3. Zum künftigen Art. 25 Abs. 5 RPG (30-jährige Verjährungsfrist)
Die Beschwerdeführer argumentieren, die geplante Einführung einer 30-jährigen Verjährungsfrist für den Wiederherstellungsanspruch gemäss dem neuen Art. 25 Abs. 5 RPG mache den Rückbau unverhältnismässig und rechtfertige eine Sistierung des Verfahrens. Das Bundesgericht weist dies entschieden zurück:
- Die Neuerung zielt auf die Duldung bestehender widerrechtlicher Bauten ab, nicht auf den Schutz oder die Legitimierung von massiv umgebauten oder faktisch neu erstellten Bauten.
- Die ursprünglich unrechtmässige Baute existiert aufgrund der weitreichenden, unbewilligten Eingriffe der Beschwerdeführer praktisch nicht mehr. Die Beschwerdeführer haben ihr Eigentum durch ihr rechtswidriges Handeln selbst zerstört.

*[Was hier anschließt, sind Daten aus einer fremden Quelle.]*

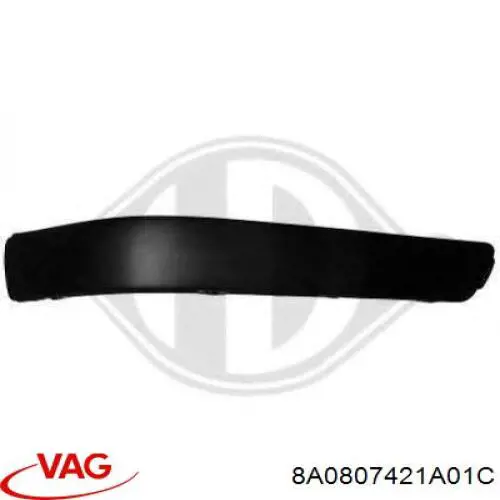 Накладка бампера заднього, ліва VAG 8A0807421A ціна, від 12.37 USD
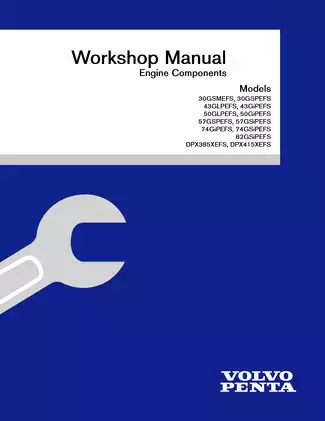 Volvo Penta Workshop Manual for V6 and V8 Engines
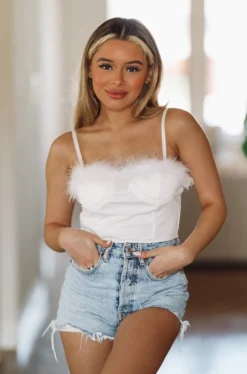 Hazel & Olive NEW ARRIVALS Last Call Top - White (FINAL SALE)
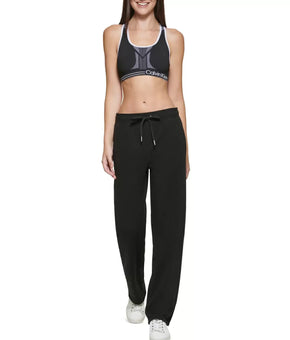 Calvin Klein Performance Ribbed Track Pants Black Size M MSRP $80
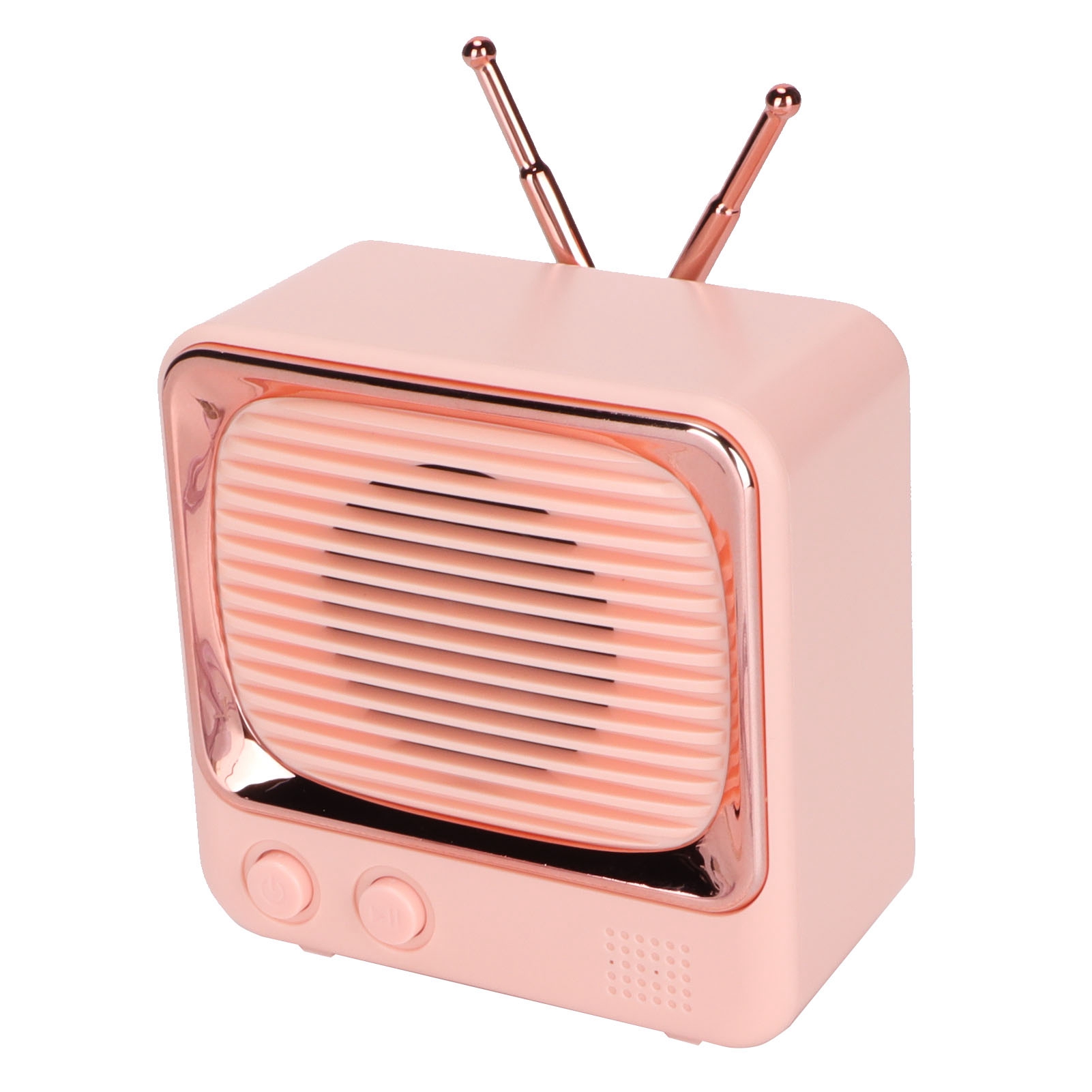 Leichter Und Tragbarer Kabelloser Bluetooth-lautsprecher In Tv-form, Klassisches Design, Pink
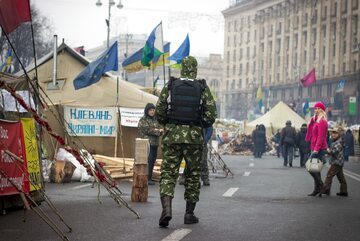 Majdan Niepodległości w Kijowie, rok 2014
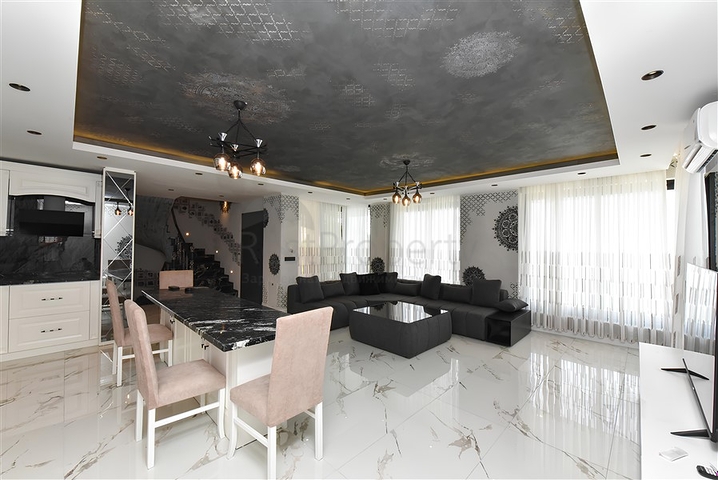 Furnished 3+2 villa in Bektash area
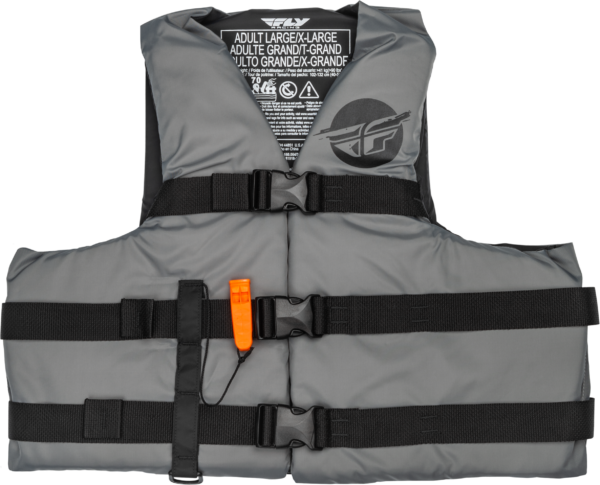 FLY RACING NYLON FLOTATION VEST GREY/BLACK LG/XL - 221-30411L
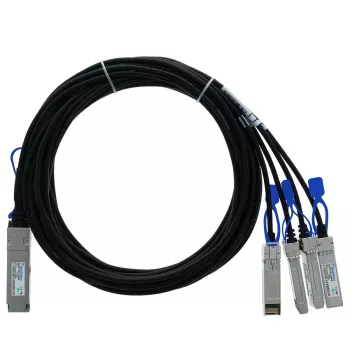 BlueOptics D-Link DEM-CB100Q28-4S28-2 BlueLAN passieve 100GBASE-CR4 QSFP28 naar 4x25GBASE-CR SFP28 direct attach breakout-kabel, 2m
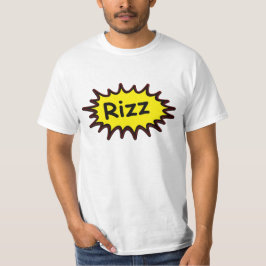 Funny "Rizz" Weißer T - Shirt Spaß Meme T-Shirt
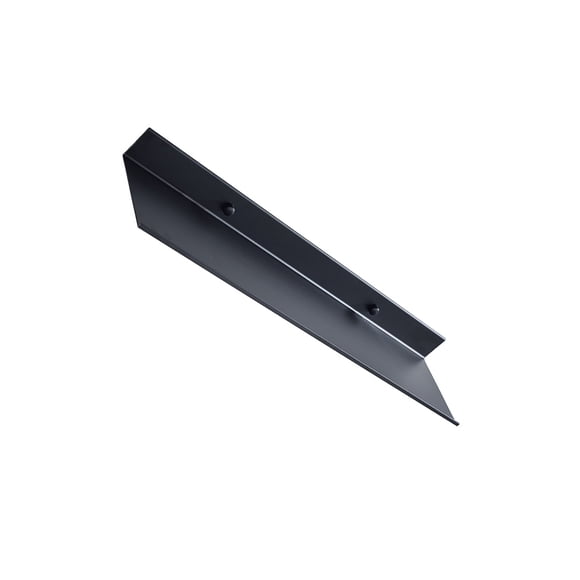 Bewildely Estante de pared de Metal repisa negro cocina baño estante de ahorro de espacio espejo fuerte rodamiento organizador gabinete Juegos de accesorios de baño 50cm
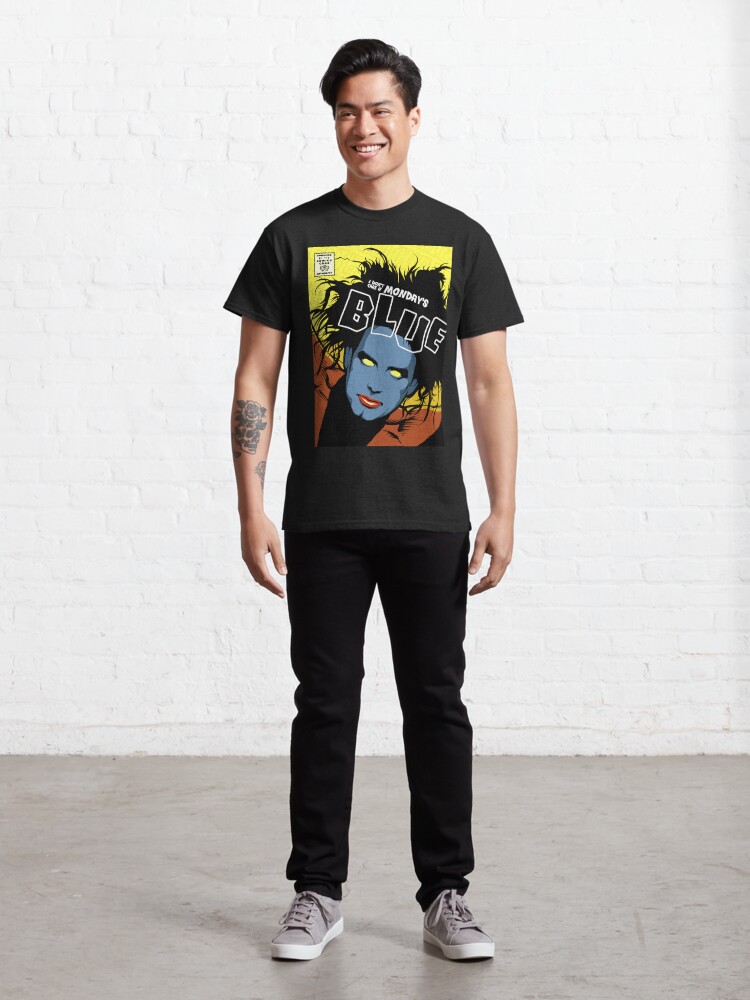 Alternate view of Post-Punk Blue Classic T-Shirt
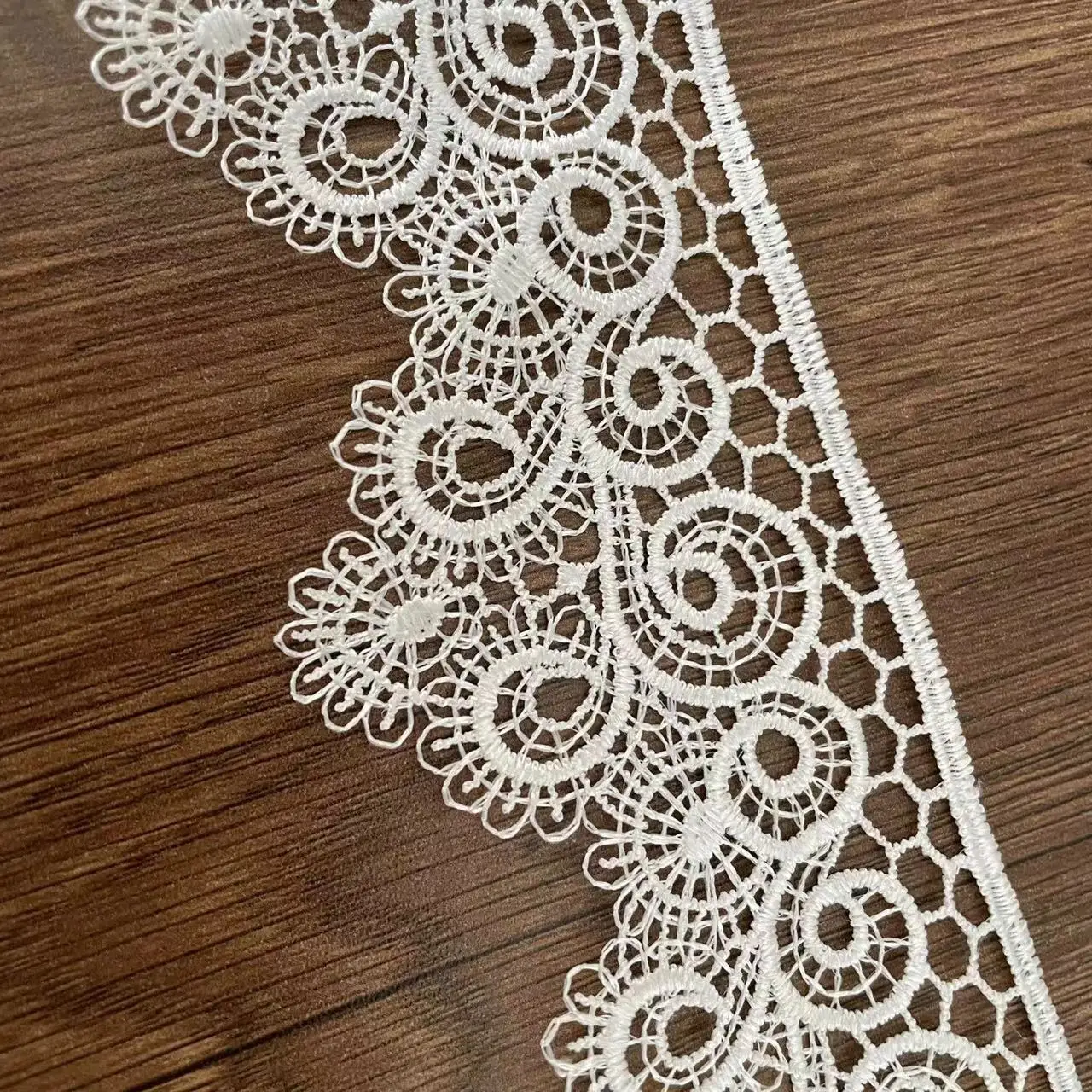 

Bridal Lace Borders, Soft Embroidery Guipure Ribbons, DIY Head Veils, Garments Decoration Accessory, 1 Yard, Free Shipping, 2022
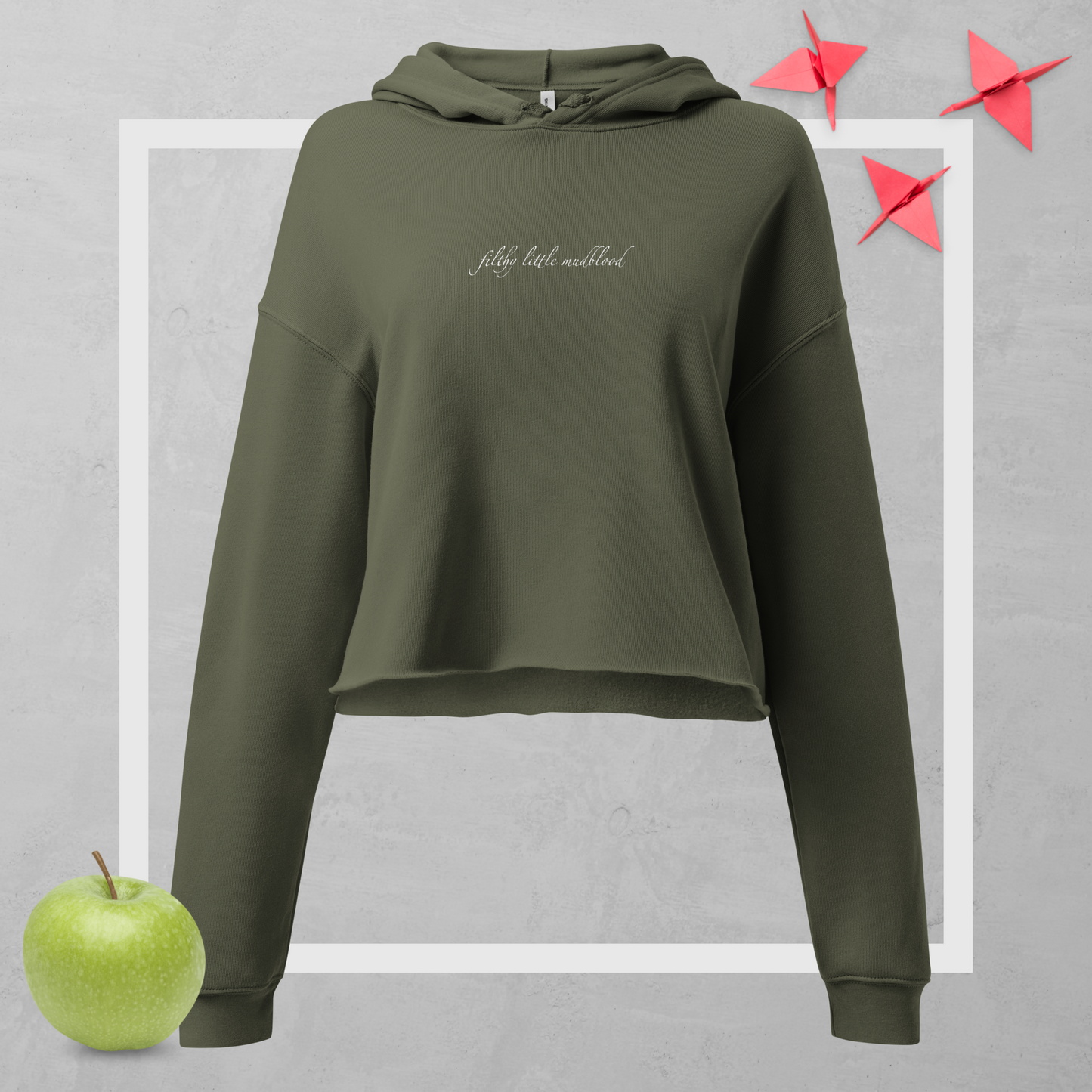 Filthy Little Crop Hoodie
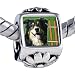 Gold Travel Australian Shepherd Photo Flower European Charm Bead Bracelets - Pandora & Bracelet Compatible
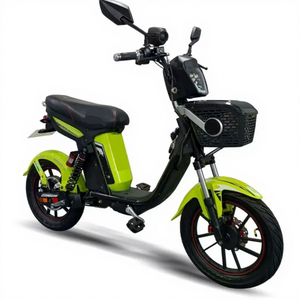 Popolare <span class=keywords><strong>Bicicletta</strong></span> Elettrica da 18 Pollici, Scooter Elettrico 350W 25KM/h 12Ah/15Ah/17.5Ah/20Ah con Motore Posteriore 48V, Bici Elettrica Economica - Product Image 1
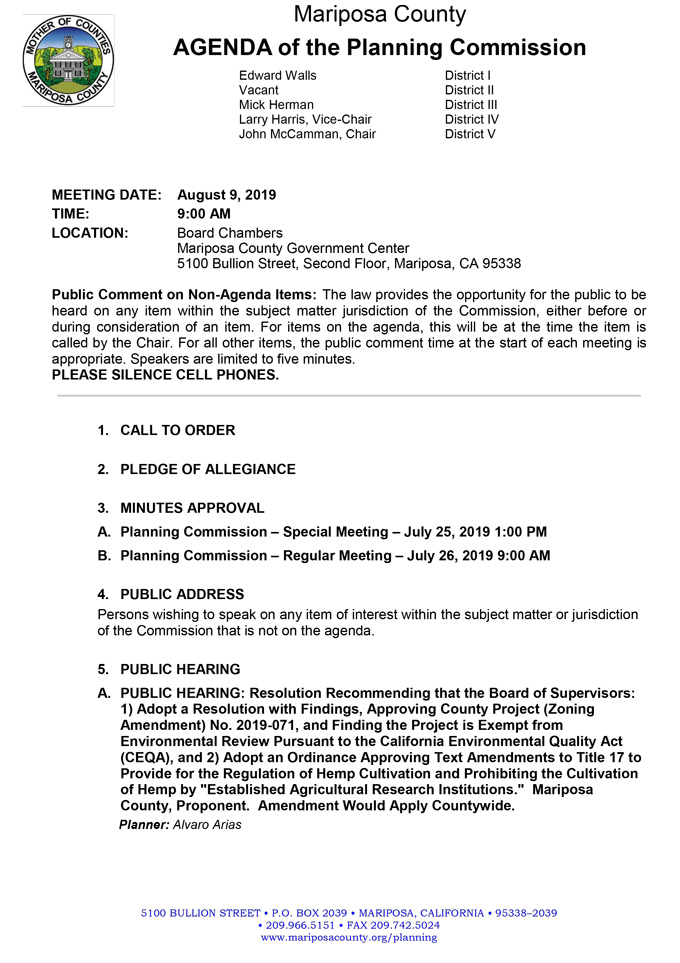 2019 08 09 Planning Commission 1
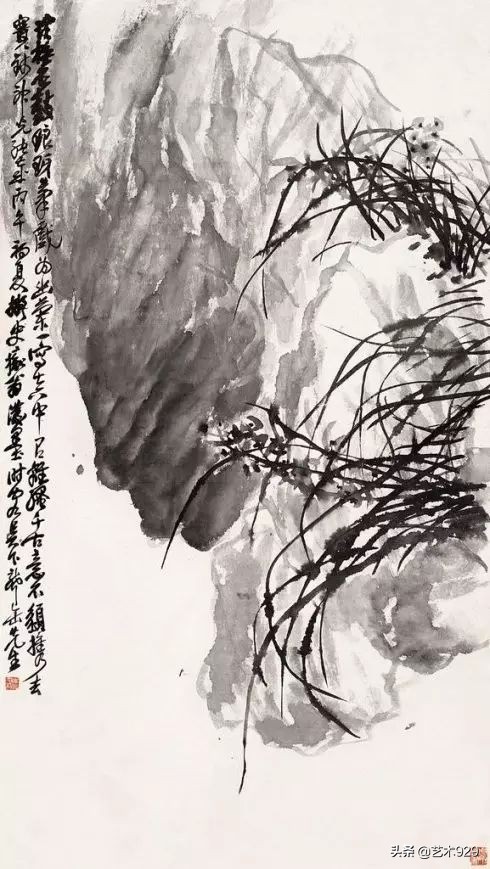 国画兰花画法免费技法教程,国画兰花绘画图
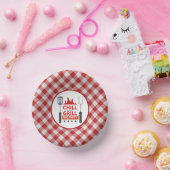 Schattige chill grill BBQ feest Papieren Kommen (Feest)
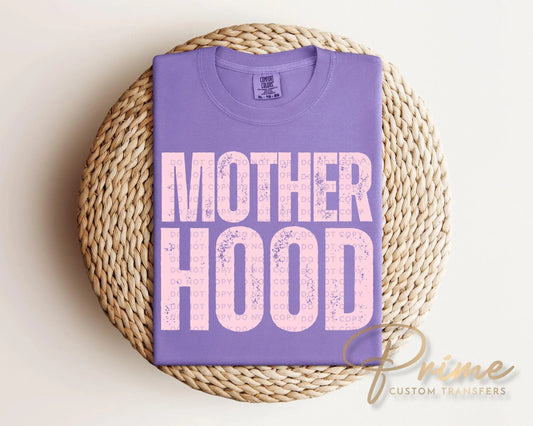 Motherhood DTF Transfer, Mother's Day Gift, Trendy Tshirt Design for Mom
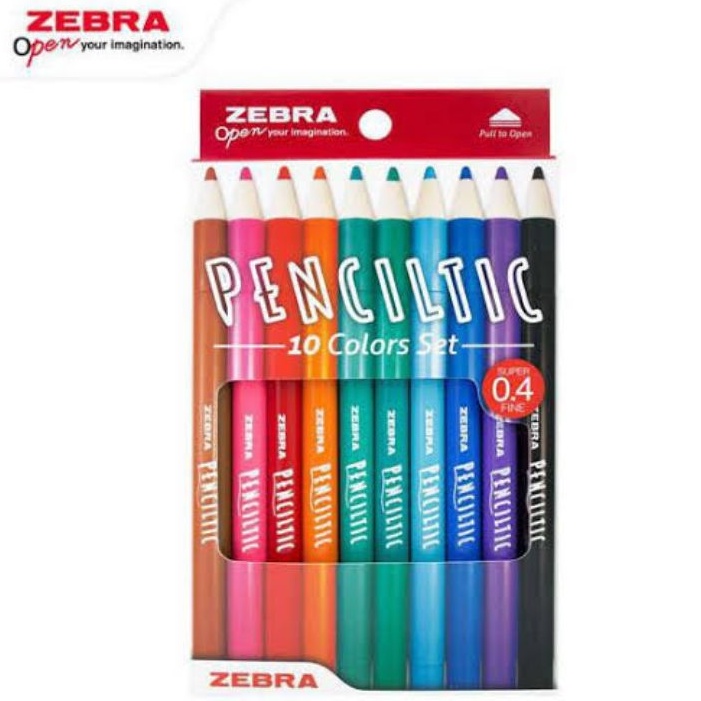 

Zebra Penciltic Set 10 warna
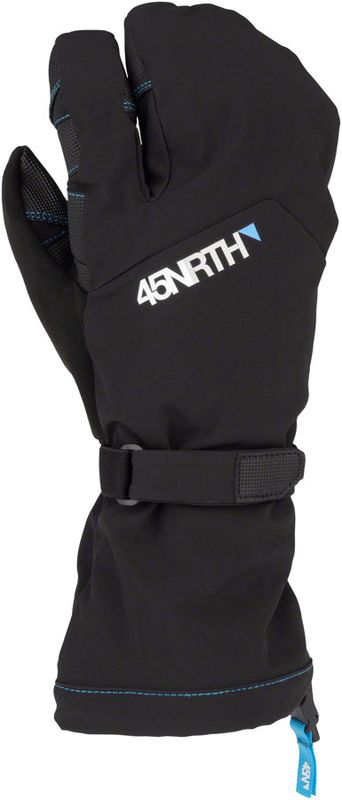 45NRTH 2023 Sturmfist 3 Gloves - Black, Lobster Style, Medium
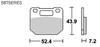 Kitaco SBS Brake Pads and Thick 587HF Ceramic for RG125 Gamma - Affordable, Long-lasting, - - - 777-0587000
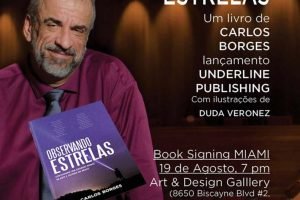 Carlos Borges lança seu livro “Observando Estrelas”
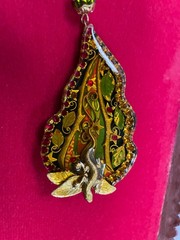 Vtg 1990 John Wind Maximal Art Lizard Jungle Brooch Resin Assemblage Pin Charm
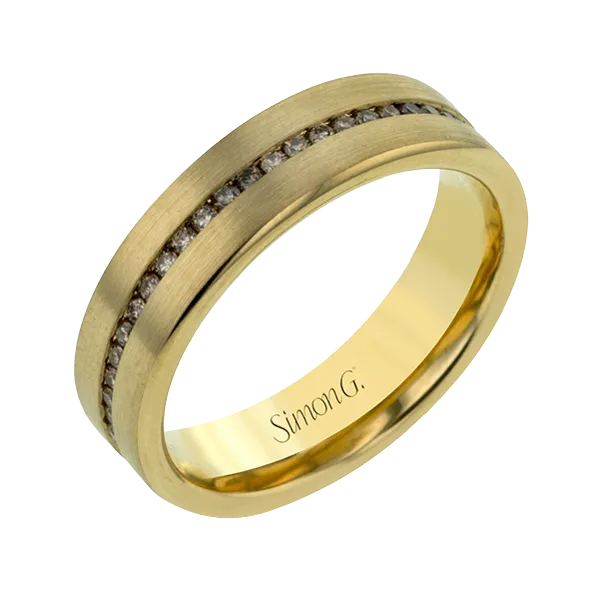 14k Yellow Gold Men's Wedding Band Diamond Showcase Longview, WA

- Die Eigentumsgarantie (Art. 26 Abs. 1 BV) verleiht keinen Anspruch, eine Baute zu ändern, zu erweitern, wiederaufzubauen oder einen baurechtswidrigen Zustand zu verstärken.
- Da die neue Bestimmung den vorliegenden Fall nicht betreffen würde, erübrigt sich auch eine Sistierung des Verfahrens.
IV. Schlussfolgerung des Bundesgerichts
Die Beschwerde wird abgewiesen, soweit darauf einzutreten ist. Die Gerichtskosten werden den Beschwerdeführern auferlegt.
Zusammenfassung der wesentlichen Punkte:
- Unrechtmässigkeit der Baute: Das 1962 erstellte Wochenendhaus war von Anfang an materiell rechtswidrig, da die damals erforderliche Zustimmung des Regierungsrats gemäss Forstgesetz fehlte und der Waldabstand nicht eingehalten wurde. Art. 24c RPG ist auf solche Bauten nicht anwendbar.
- Faktischer Neubau: Die von den Beschwerdeführern durchgeführten Arbeiten gingen weit über blosse Unterhaltsarbeiten hinaus und führten faktisch zu einem Neubau, der keinerlei Bestandes- oder Vertrauensschutz geniessen kann.
- Hohes öffentliches Interesse am Rückbau: Die Baute befindet sich ausserhalb der Bauzone in einer sensiblen Landschafts- und Landwirtschaftsschutzzone und missachtet den Waldabstand. Das öffentliche Interesse an der Wiederherstellung des rechtmässigen Zustands und der strikten Trennung von Bau- und Nichtbaugebiet überwiegt.
- Bösgläubigkeit: Die Beschwerdeführer handelten bösgläubig, da sie trotz expliziter Ablehnung ihres Vorhabens durch die Behörden umfangreiche unbewilligte Arbeiten vornahmen. Ihre finanziellen Interessen treten daher stark in den Hintergrund.
- Keine Relevanz des neuen Art. 25 Abs. 5 RPG: Die geplante Verjährungsfrist für den Wiederherstellungsanspruch betrifft nur bestehende unrechtmässige Bauten und schützt nicht die Erneuerung oder den Ausbau eines illegalen Zustands. Die Eigentumsgarantie erlaubt keine Verstärkung eines rechtswidrigen Zustands.